Detailed Description
The following description of the embodiments of the present application will be made clearly and fully with reference to the accompanying drawings, in which it is evident that the embodiments described are some, but not all embodiments of the application. All other embodiments, which can be made by those skilled in the art based on the embodiments of the application without making any inventive effort, are intended to be within the scope of the application.
The terms first, second and the like in the description and in the claims, are used for distinguishing between similar elements and not necessarily for describing a particular sequential or chronological order. It is to be understood that the data so used may be interchanged where appropriate such that embodiments of the application may be practiced otherwise than as specifically illustrated or described herein. Furthermore, in the description and claims, "and/or" means at least one of the connected objects, and the character "/", generally means that the associated object is an "or" relationship.
As described above, the existing conventional text retrieval lacks consideration of correlation between semantic information, and has the problems of weak recall capability of correlation at semantic level and poor text retrieval accuracy. Therefore, the embodiment of the application provides a text retrieval method scheme based on vector index.
The text retrieval method provided by the embodiment of the application is described in detail below through specific embodiments and application scenes thereof with reference to the accompanying drawings.
FIG. 2 is a block diagram of an application system of a text retrieval method according to an embodiment of the present application;
the text retrieval system mainly comprises a user terminal 201 and a search engine server terminal 202, wherein the user terminal 201 is in communication interaction with the search engine server terminal 202, the user terminal sends an online search request to the search engine server terminal 202, the search engine server terminal 202 stores a document database required for retrieval, and after receiving the online search request of a user, related document inquiry is carried out according to the search request.
Fig. 3 is a flowchart of a text retrieval method according to an embodiment of the present application.
Referring to fig. 3, a text retrieval method provided in an embodiment of the present application includes:
s1, acquiring a user search request;
s2, coding the query text input by the user through a deep learning model to obtain second vectors.
In a specific implementation, after a user inputs a query text in a search engine, a query result, namely a target text, is obtained from a document library to be retrieved. The document library to be searched is a search engine database of a user, and takes the search of academic papers as an example, the document library to be searched adopts a knowledge network database.
After the user search request is acquired, the query text input by the user is encoded through the deep learning model to obtain a second vector, namely the second vector is the vector of the query text input by the user.
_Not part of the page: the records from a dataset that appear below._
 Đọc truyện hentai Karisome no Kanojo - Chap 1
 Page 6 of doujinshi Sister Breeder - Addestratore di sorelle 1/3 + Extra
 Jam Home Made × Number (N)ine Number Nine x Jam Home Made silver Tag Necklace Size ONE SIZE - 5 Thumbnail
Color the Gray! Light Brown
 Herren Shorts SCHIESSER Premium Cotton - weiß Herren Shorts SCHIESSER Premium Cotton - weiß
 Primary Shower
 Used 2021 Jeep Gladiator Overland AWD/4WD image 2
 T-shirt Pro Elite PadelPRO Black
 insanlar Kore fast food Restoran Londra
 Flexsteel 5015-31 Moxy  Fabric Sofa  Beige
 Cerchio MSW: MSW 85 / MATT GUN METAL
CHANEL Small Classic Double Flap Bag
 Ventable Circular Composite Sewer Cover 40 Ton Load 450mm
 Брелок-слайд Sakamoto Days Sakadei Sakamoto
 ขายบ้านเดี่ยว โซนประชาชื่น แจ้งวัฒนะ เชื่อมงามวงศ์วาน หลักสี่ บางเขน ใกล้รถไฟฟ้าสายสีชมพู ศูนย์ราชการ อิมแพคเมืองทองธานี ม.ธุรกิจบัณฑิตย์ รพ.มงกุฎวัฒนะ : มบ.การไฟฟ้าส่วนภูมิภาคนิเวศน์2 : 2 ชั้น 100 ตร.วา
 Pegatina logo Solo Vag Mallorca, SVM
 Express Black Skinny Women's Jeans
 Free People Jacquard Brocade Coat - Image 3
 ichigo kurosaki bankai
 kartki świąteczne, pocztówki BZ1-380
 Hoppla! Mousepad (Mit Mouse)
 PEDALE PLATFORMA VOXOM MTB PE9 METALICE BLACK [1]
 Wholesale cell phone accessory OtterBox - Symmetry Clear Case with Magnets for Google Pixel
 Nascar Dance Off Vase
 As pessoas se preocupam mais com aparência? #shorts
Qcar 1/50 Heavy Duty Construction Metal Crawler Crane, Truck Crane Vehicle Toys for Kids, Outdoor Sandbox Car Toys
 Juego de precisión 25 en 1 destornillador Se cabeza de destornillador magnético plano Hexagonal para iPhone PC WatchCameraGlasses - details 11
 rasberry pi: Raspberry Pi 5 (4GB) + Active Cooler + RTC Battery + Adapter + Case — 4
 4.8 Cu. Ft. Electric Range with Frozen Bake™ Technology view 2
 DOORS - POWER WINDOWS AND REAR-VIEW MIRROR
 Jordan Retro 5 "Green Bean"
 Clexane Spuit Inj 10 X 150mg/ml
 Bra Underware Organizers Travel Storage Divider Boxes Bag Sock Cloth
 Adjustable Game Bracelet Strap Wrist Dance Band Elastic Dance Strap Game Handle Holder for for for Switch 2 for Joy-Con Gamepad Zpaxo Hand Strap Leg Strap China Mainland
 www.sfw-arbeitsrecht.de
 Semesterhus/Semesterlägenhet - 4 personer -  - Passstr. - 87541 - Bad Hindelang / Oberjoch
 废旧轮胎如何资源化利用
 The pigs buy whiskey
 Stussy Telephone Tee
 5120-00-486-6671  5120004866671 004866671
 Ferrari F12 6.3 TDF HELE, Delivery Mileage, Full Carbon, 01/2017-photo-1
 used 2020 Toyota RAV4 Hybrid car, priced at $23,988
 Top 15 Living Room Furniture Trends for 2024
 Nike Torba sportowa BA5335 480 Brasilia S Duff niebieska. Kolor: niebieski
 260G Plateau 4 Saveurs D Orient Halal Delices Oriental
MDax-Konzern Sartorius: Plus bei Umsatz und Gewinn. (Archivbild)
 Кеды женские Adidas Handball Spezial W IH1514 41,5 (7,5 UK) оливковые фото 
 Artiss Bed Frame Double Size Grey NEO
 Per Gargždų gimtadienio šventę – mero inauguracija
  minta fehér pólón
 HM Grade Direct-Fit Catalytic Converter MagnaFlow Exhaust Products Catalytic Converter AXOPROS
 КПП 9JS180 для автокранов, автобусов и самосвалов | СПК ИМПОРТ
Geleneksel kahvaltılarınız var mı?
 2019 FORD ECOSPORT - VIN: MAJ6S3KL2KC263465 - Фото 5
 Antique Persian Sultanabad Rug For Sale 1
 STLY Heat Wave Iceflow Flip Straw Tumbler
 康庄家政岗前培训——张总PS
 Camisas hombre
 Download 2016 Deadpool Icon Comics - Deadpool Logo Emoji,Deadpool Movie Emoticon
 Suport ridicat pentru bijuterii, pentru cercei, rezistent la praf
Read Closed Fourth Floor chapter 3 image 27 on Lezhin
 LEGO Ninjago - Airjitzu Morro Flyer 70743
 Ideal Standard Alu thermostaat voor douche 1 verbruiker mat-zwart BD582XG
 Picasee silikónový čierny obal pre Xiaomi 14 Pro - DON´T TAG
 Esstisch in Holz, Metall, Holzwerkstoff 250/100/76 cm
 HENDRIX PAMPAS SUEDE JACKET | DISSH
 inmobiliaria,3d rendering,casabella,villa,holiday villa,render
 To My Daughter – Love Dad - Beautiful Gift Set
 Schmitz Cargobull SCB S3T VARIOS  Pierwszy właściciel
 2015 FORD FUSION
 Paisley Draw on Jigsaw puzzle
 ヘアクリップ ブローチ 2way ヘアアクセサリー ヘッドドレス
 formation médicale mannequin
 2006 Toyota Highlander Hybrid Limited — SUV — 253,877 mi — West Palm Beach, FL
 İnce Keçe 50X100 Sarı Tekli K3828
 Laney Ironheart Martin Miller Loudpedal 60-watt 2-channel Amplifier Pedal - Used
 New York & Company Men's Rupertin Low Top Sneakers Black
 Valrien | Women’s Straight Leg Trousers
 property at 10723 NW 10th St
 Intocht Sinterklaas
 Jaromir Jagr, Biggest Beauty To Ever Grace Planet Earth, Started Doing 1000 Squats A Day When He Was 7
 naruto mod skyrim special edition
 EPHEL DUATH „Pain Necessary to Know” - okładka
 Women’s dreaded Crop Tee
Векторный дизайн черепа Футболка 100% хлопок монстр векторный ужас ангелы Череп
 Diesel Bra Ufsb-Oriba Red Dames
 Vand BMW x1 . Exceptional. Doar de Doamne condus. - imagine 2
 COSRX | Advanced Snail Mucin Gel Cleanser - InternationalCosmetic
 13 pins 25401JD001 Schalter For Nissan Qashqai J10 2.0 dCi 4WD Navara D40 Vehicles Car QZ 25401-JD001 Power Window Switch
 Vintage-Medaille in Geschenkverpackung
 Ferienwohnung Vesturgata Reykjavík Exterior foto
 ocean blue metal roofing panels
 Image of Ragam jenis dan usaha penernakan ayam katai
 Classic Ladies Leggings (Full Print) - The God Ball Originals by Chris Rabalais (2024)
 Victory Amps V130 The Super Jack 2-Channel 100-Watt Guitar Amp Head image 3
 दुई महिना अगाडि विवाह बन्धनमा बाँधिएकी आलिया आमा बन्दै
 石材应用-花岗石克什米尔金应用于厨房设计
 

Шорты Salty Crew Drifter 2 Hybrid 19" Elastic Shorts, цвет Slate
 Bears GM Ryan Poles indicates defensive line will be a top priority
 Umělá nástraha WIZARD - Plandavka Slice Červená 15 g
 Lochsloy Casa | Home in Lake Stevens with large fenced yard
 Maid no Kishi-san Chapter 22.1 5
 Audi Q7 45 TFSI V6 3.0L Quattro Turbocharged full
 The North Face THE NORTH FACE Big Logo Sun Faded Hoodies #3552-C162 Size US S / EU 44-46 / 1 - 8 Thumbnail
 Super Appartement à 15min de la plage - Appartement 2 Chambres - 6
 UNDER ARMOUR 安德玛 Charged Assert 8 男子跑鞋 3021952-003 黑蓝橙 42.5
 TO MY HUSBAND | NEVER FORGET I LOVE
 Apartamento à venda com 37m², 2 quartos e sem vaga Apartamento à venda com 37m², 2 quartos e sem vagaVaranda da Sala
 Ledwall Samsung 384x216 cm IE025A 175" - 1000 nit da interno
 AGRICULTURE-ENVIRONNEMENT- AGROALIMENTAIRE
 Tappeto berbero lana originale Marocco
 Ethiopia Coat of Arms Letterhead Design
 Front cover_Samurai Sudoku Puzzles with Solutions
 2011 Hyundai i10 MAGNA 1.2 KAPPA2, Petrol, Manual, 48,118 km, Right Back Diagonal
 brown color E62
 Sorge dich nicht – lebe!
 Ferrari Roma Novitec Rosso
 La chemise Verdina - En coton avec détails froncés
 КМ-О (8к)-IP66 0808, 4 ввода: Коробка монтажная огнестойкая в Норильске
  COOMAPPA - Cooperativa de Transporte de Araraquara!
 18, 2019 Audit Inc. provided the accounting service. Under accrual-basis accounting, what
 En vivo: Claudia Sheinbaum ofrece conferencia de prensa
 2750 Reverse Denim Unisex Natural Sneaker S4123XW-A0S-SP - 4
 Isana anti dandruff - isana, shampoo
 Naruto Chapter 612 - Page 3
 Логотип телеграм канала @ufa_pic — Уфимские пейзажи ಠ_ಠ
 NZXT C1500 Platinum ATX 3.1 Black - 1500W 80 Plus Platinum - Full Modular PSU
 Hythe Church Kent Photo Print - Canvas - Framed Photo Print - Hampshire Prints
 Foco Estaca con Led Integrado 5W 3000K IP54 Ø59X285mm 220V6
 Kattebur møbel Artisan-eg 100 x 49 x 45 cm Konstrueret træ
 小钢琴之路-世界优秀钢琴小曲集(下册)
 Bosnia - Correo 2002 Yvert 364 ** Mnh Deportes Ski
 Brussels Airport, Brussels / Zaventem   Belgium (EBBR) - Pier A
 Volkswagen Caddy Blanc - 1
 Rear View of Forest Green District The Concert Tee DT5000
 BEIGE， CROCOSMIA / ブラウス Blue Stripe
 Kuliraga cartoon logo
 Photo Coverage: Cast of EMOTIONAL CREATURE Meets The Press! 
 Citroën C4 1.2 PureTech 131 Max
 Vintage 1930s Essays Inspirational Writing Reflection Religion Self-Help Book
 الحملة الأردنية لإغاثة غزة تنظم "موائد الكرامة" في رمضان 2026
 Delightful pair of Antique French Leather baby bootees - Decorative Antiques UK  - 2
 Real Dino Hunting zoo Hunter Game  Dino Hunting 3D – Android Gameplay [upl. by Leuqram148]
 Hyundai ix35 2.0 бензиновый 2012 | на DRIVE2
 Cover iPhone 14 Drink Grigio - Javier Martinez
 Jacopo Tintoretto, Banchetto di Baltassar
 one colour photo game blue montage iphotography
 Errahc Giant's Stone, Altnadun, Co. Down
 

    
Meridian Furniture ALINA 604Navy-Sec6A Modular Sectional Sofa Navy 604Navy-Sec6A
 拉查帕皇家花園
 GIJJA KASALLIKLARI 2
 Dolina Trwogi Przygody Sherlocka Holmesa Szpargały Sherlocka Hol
The user search request may be in the form of an online search request by the user or in the form of a non-online search request by the user.
In this embodiment, text retrieval is specifically combined with vector indexing, and text retrieval is performed based on a first vector index by constructing the first vector index of a document library to be retrieved. Specifically, after splitting a document library to be searched into a plurality of independent sub-texts, coding the split sub-texts by using a first deep learning model to obtain a first vector index of the document library to be searched.
In addition, the query text can be selected to adopt the same deep learning model with the document library to be searched, and the query text input by the user is encoded through the first deep learning model to obtain a second vector.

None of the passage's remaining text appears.